SEC. 3. SERVICEMEMBER FAMILY LEAVE FOR CIVIL SERVICE
EMPLOYEES.
(a) Definitions.--Section 6381 of title 5, United States Code, is amended--
(1) in paragraph (5), by striking ``and'' at the end;
(2) in paragraph (6), by striking the period and inserting
``; and''; and
(3) by adding at the end the following:
``(7) the term `combat-related injury' means an injury or illness that was incurred (as determined under criteria prescribed by the Secretary of Defense)--
``(A) as a direct result of armed conflict;
``(B) while an individual was engaged in hazardous service;
``(C) in the performance of duty under conditions simulating war; or
``(D) through an instrumentality of war; and
``(8) the term `servicemember' means a member of the Armed Forces.''.
(b) Entitlement to Leave.--Section 6382(a) of such title is amended by adding at the end the following:
``(3) Subject to section 6383, an employee who is the primary caregiver for a servicemember with a combat-related injury shall be entitled to a total of 26 administrative workweeks of leave during any 12-month period to care for the servicemember.
``(4) An employee shall be entitled to a combined total of 26 administrative workweeks of leave under paragraphs (1) and
(3).''.
(c) Requirements Relating to Leave.--
(1) Schedule.--Section 6382(b) of such title is amended--
(A) in paragraph (1), by inserting after the second sentence the following: ``Subject to paragraph (2), leave under subsection (a)(3) may be taken intermittently or on a reduced leave schedule.''; and
(B) in paragraph (2), by inserting ``or subsection (a)(3)'' after ``subsection (a)(1)''.

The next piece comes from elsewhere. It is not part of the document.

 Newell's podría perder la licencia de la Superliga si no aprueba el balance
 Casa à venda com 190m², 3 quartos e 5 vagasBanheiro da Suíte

(2) Substitution of paid leave.--Section 6382(d) of such title is amended by adding at the end the following: ``An employee may elect to substitute for leave under subsection
(a)(3) any of the employee's accrued or accumulated annual or sick leave under subchapter I for any part of the 26-week period of leave under such subsection.''.
(3) Notice.--Section 6382(e) of such title is amended by adding at the end the following:
``(3) In any case in which an employee seeks leave under subsection (a)(3), the employee shall provide such notice as is practicable.''.
(4) Certification.--Section 6383 of such title is amended by adding at the end the following:
``(f) An employing agency may require that a request for leave under section 6382(a)(3) be supported by a certification issued at such time and in such manner as the Office of Personnel Management may by regulation prescribe.''.